Erro notório na apreciação da prova. Impugnação da matéria de facto. Descaminho. Abuso de confiança fiscal. Crime continuado. Pedido cível

ERRO NOTÓRIO NA APRECIAÇÃO DA PROVA. IMPUGNAÇÃO DA MATÉRIA DE FACTO. DESCAMINHO. ABUSO DE CONFIANÇA FISCAL. CRIME CONTINUADO. PEDIDO CÍVEL
RECURSO CRIMINAL Nº
843/12.2TALRA.C1
Relator: JORGE DIAS
Data do Acordão: 09-03-2016
Tribunal: LEIRIA (INSTÂNCIA CENTRAL)
Legislação: ARTS. 410.º E 412.º DO CPP; ART. 233.º DO CPPT; ART. 105.º DO RGIT; ARTS. 30.º, 34.º E 36.º DO CP.
Sumário:

  1. O vício do erro notório na apreciação da prova só pode ter-se como verificado quando o conteúdo da respetiva decisão, por si só ou conjugada com as regras da experiência comum, patenteie, de modo que não escaparia à análise do homem comum, que no caso se impunha uma decisão de facto contrária à que foi proferida.

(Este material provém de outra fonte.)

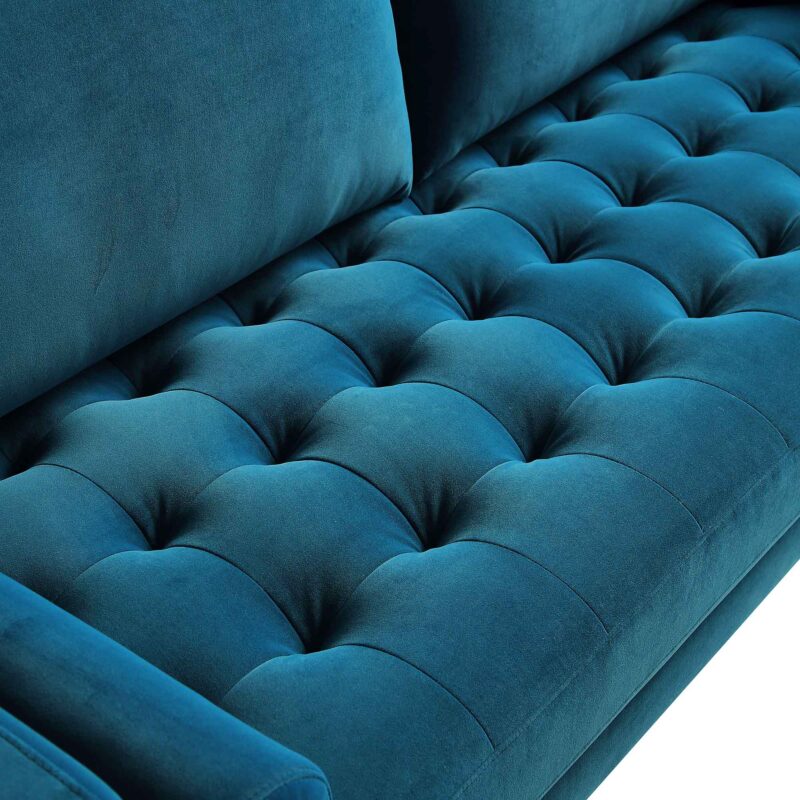Henrietta Large 3-Seater Sofa, Teal Velvet - Image 11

  2. Os nºs 3 e 4 do art. 412 do CPP, indicam os pressupostos específicos a observar no recurso, nomeadamente na motivação, quando se impugna a decisão sobre a matéria de facto.
  3. Constando do auto de penhora que o fiel depositário “não podia transmitir os referidos “bens” sem autorização do Chefe do Serviço de Finanças”, equivale a dizer que, com autorização, o fiel depositário podia transmitir.
  4. In casu, o inciso “ sem autorização do Chefe do Serviço de Finanças”, integra o tipo objetivo do crime, por isso, deveria a acusação descrever os factos consubstanciadores daquela expressão e deles fazer prova em julgamento.
  5. Não incumbe ao arguido o ónus da demonstração de que agiu com justa causa [com autorização], como única forma de evitar a condenação.
  6. Para que haja cometimento do crime de abuso de confiança fiscal é necessário provar a participação do(s) administrador(es) na tomada de decisões da sociedade, nomeadamente, que tenha participado na decisão de não entregar ao Estado o imposto em causa.
  7. As sucessivas retenções ou não entregas de imposto normalmente causadas pelas dificuldades financeiras, com a demora na atuação por parte da autoridade tributária e por vezes até em mais de uma empresa (como no caso) facilitam a ação, tornam cada vez menos exigível que o agente adote comportamento conforme ao direito e assim lhe diminuem a culpa na repetição.
  8. Para o efeito de existir situação exterior que diminua a culpa é completamente irrelevante que a retenção ou não entrega do imposto, simultânea ou sucessiva, se reporte a IRC, IRS ou IVA.
  9. Originando o crime a prestação tributária em falta, prestação comunicada (ou não) à administração tributária é ao montante desta prestação que se atende para efeitos criminais e consequências daí advenientes.
  10. O pagamento parcial da prestação tributária, mesmo que feito no prazo a que se reporta a al. a) do nº 4 do artigo 105 do RGIT, não tem a virtualidade de alterar o montante dessa prestação para efeitos de responsabilidade penal.
  11. Quanto ao destino dos montantes de IVA recebidos dos clientes (ou outros impostos de que a sociedade seja depositária) e não entregues ao fisco, é irrelevante para efeitos criminais o destino que lhes é dado.
  12. A sociedade é um devedor substituto com a posição jurídica de detenção e de domínio sobre a prestação – entrega jurídica – para que ela posteriormente a devolva ao fisco. E, para se consumar o crime, basta a não entrega da prestação, sem necessidade de apuramento do destino que lhe é dado.
  13. A generalidade da doutrina e da jurisprudência têm concluído de modo praticamente unânime pela improcedência das causas de exclusão de ilicitude do conflito de deveres ou de justificação da culpa do estado de necessidade desculpante, nas situações em que o gerente porque se debate com dificuldades económico-financeiras, e com vista a assegurar a manutenção da empresa, acaba por afetar o IVA liquidado e recebido ao pagamento de fornecedores em vez de proceder à sua entrega nos cofres do Estado.
  14. Entre a imposição legal de não se apropriar das quantias por si deduzidas e de as entregar ao Estado, traduzido num dever geral de omissão, e o dever de ação – pagamento de credores – sempre prevaleceria o primeiro.